EXTRACTED DATA:
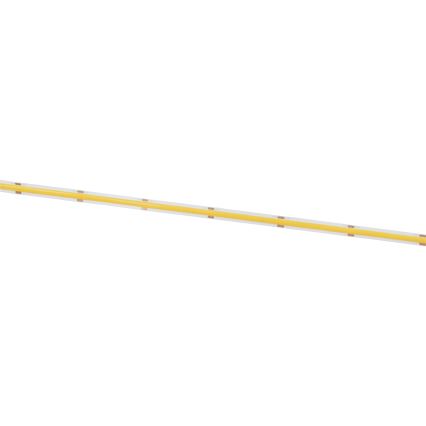 Eglo - LED traka 5m LED/40W/24/230V 3000K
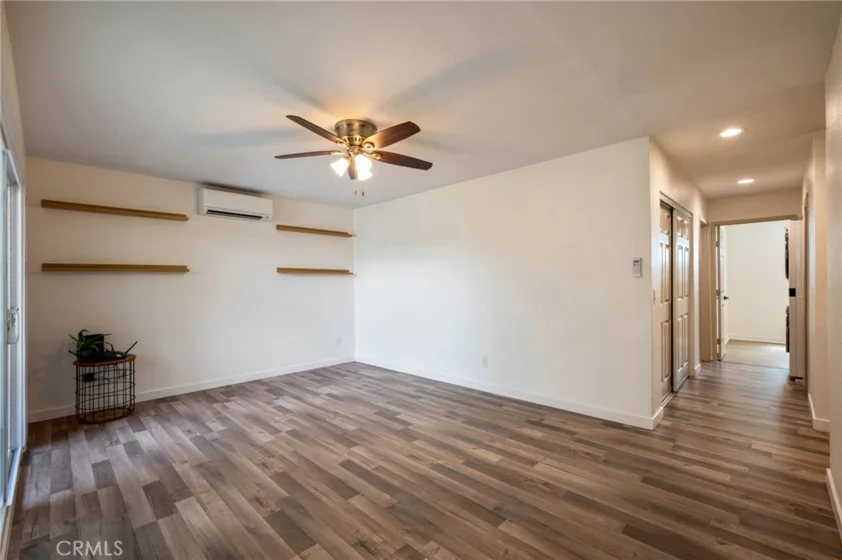 1723 Cedar #103 photo 5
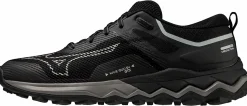 wave ibuki 4 gtx w<MIZUNO Discount
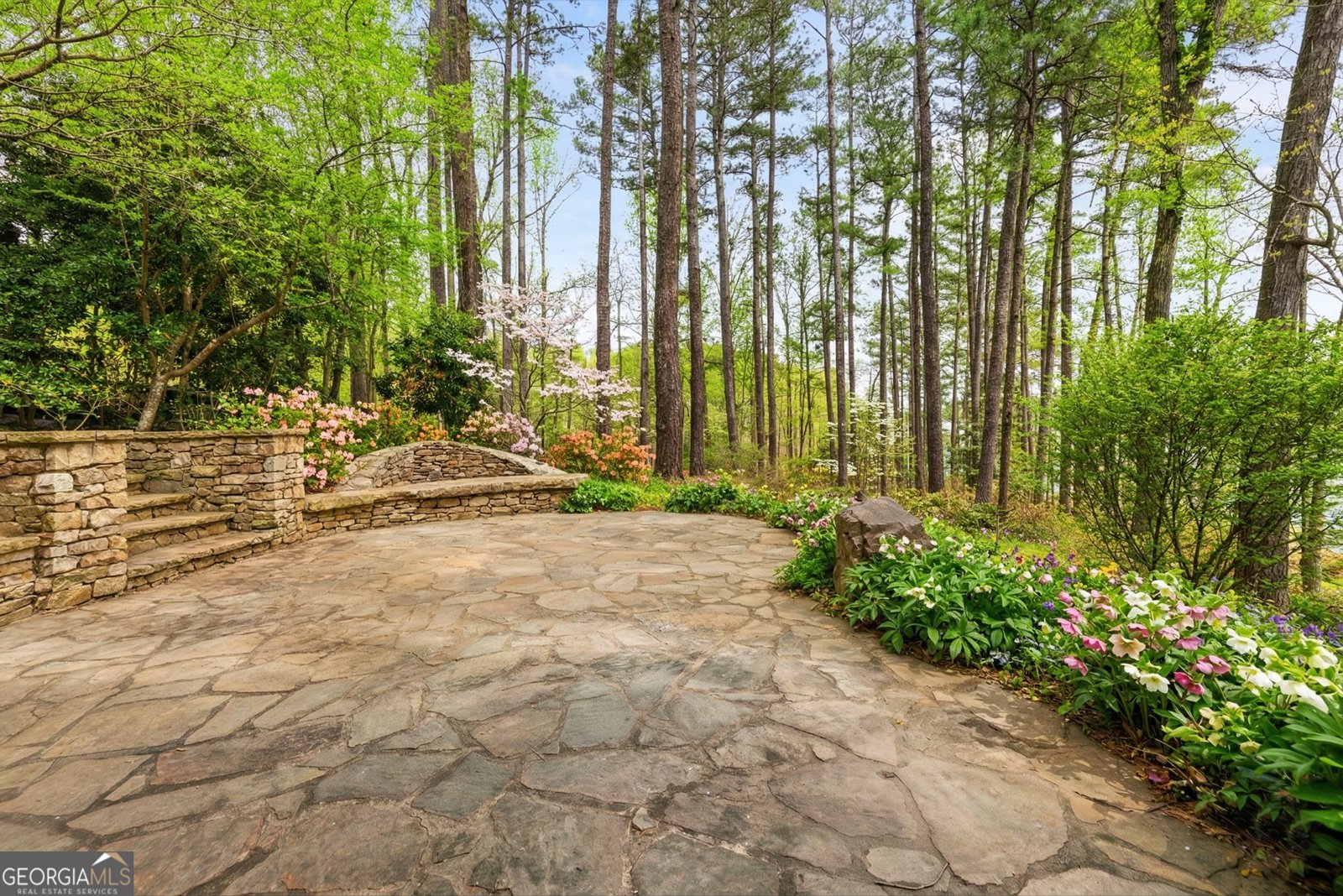 792 Tom Cobb Drive Hartwell - Photo 9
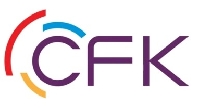 CFK mini1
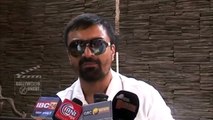 Ajaz Khan Best Message To Hindu Muslim Sikh & India Politician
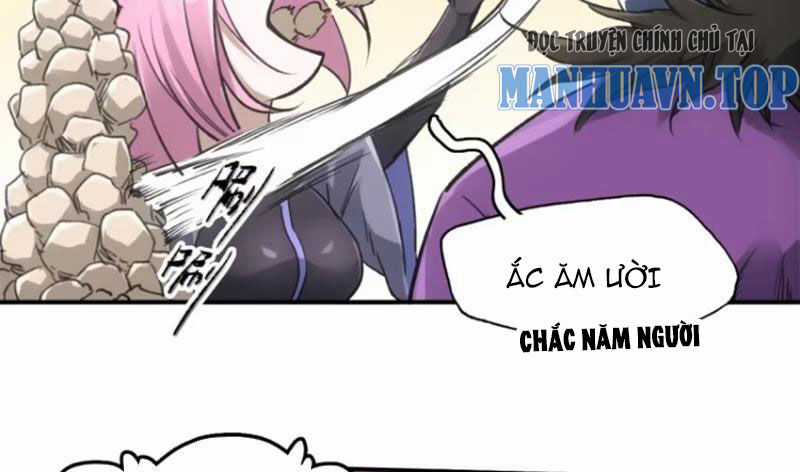 Xa Đao Nhân Chapter 44 trang 41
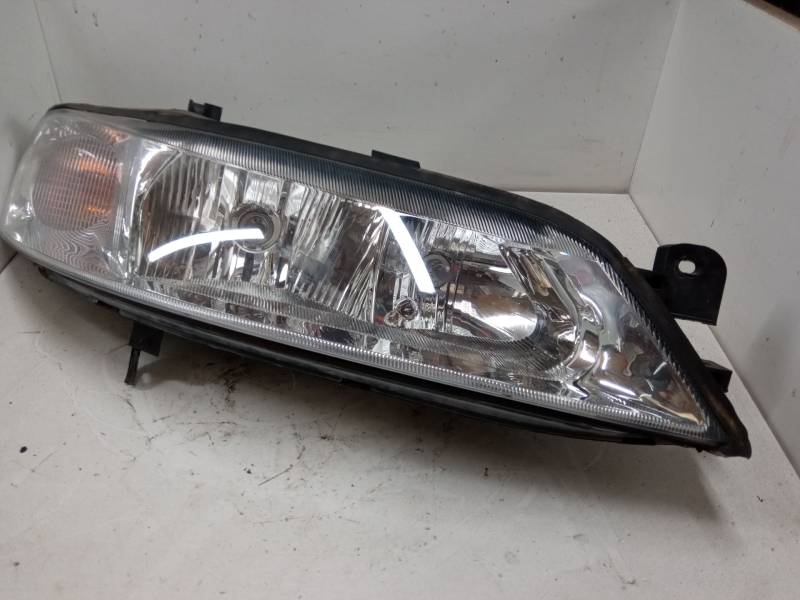 FARO DERECHO M393409920 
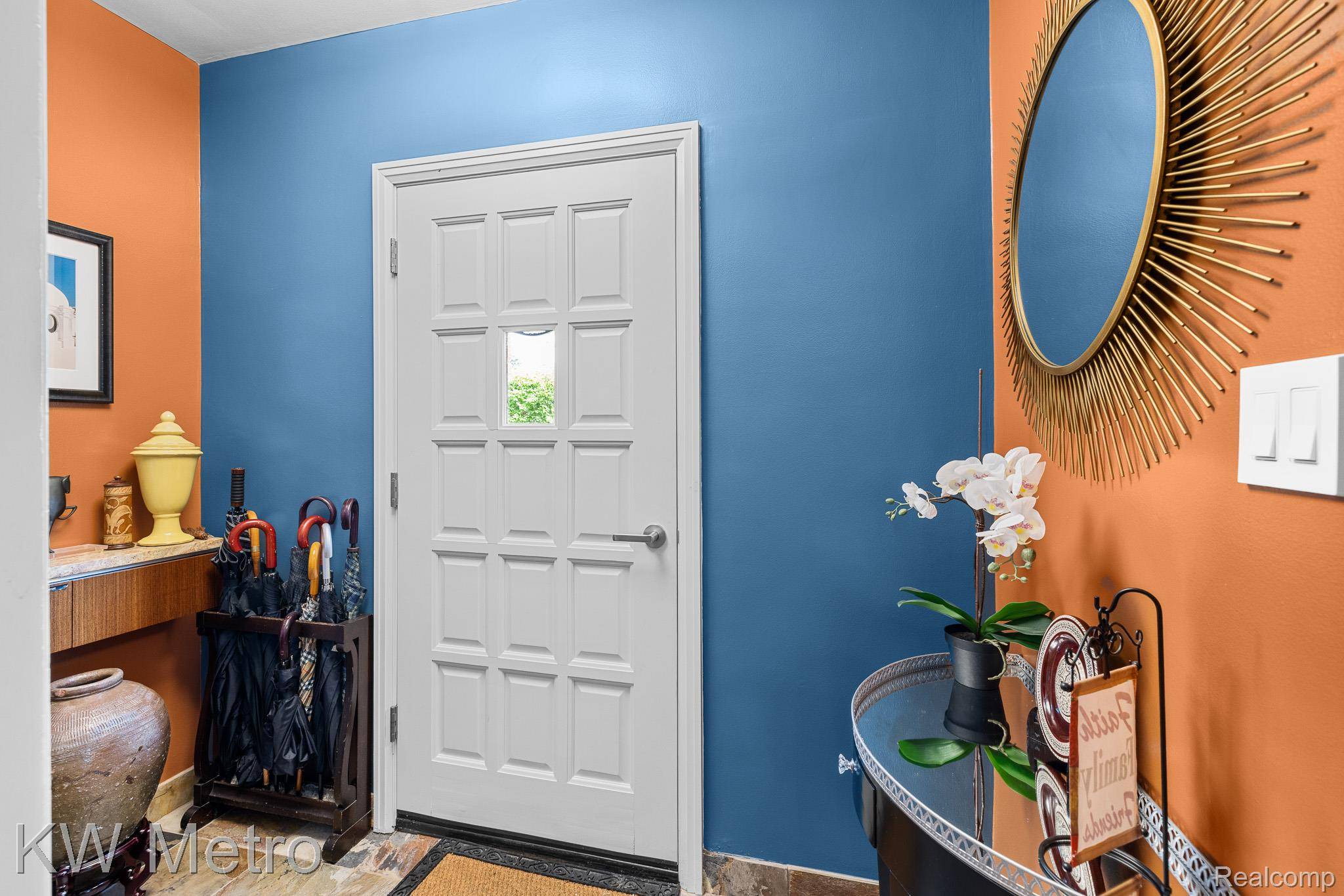 Grosse Pointe, MI 48230,597 Notre Dame ST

EXERCISE:
Give back an exact reproduction of the entries, with all pictures excluded.

EXERCISE OUTPUT:
 Eglo - LED traka 5m LED/40W/24/230V 3000K
 1723 Cedar #103 photo 5
 wave ibuki 4 gtx w<MIZUNO Discount
 792 Tom Cobb Drive Hartwell - Photo 9
 CFK mini1
 Ajaz Khan Best Message To Hindu Muslim Sikh & India Politician
 Xa Đao Nhân Chapter 44 trang 41
 FARO DERECHO M393409920 
 Grosse Pointe, MI 48230,597 Notre Dame ST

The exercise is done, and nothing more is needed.